Naturally, the redditor was concerned that this man she was being put in a position to repeatedly reject had access to very sensitive information, like her social security number and her ID, and clearly had trouble taking a hint.
Some people didn’t see a problem with the guy shooting his shot, but, first of all, he bothered her not once, but twice, by approaching her on social media. Second, he utilized information he only had in the context of a business transaction (her full name) to track her down. And third, being interested in someone doesn’t make anyone entitled to the opportunity to seek them out and shoot that shot in the first place.

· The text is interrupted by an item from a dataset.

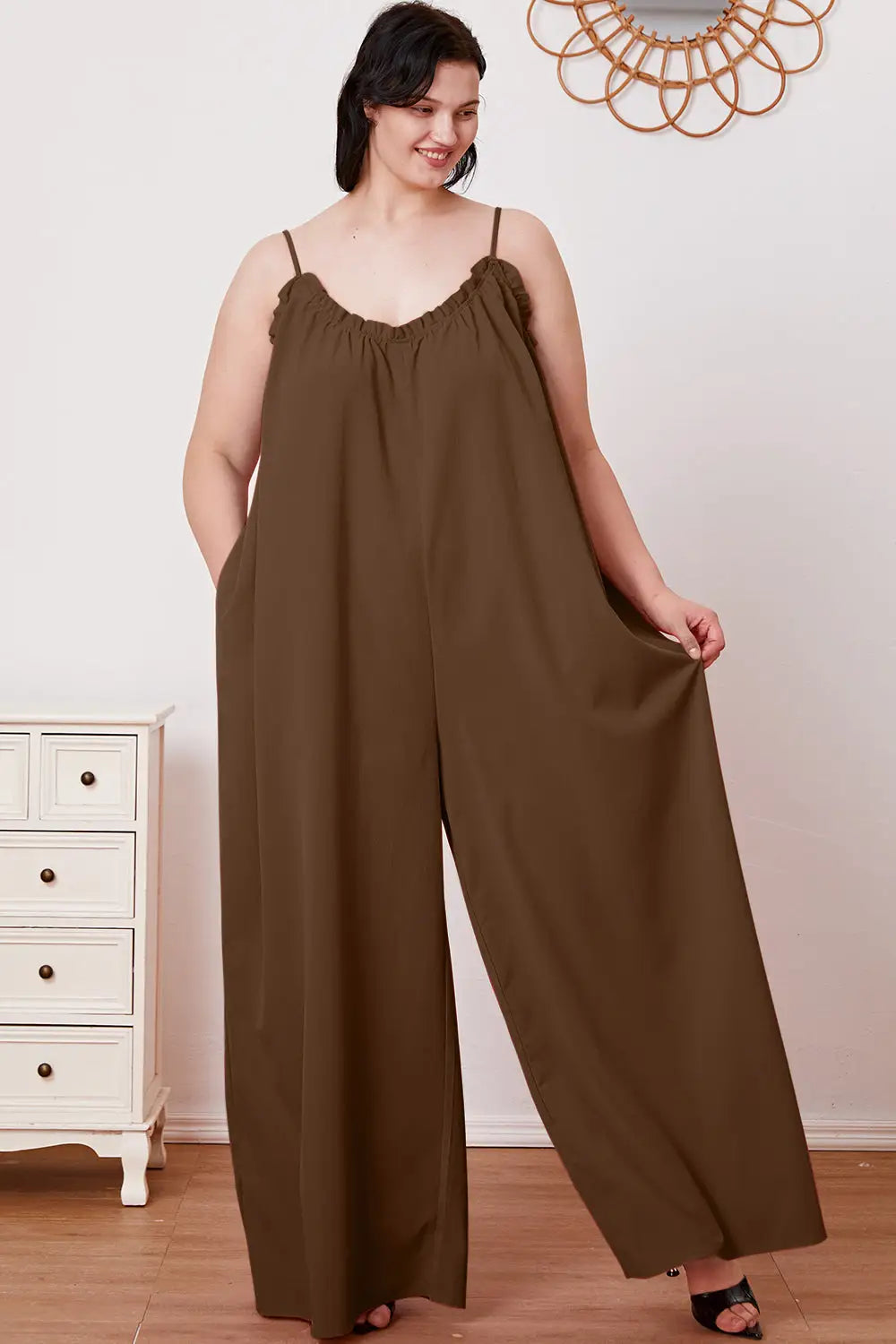 Ruffle Trim Tie Back Cami Jumpsuit with Pockets - Eclectage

There are times when it’s okay to respectfully try, and others when it’s not. Whether there was any way this could have been appropriate, it’s hard to say, but the way this guy handled it clearly was not.
For the most part, readers were just as annoyed at the whole situation as the original poster.
When in doubt about whether or not it’s appropriate to ask someone out, the best thing you can do is learn how to read the room. This woman says she didn’t show any interest in the guy, didn’t go back to the bank for months, and rejected his friend request. Nothing about that suggests she wants to see where things go with him. And when in doubt…it’s probably best to just not bother a stranger at all.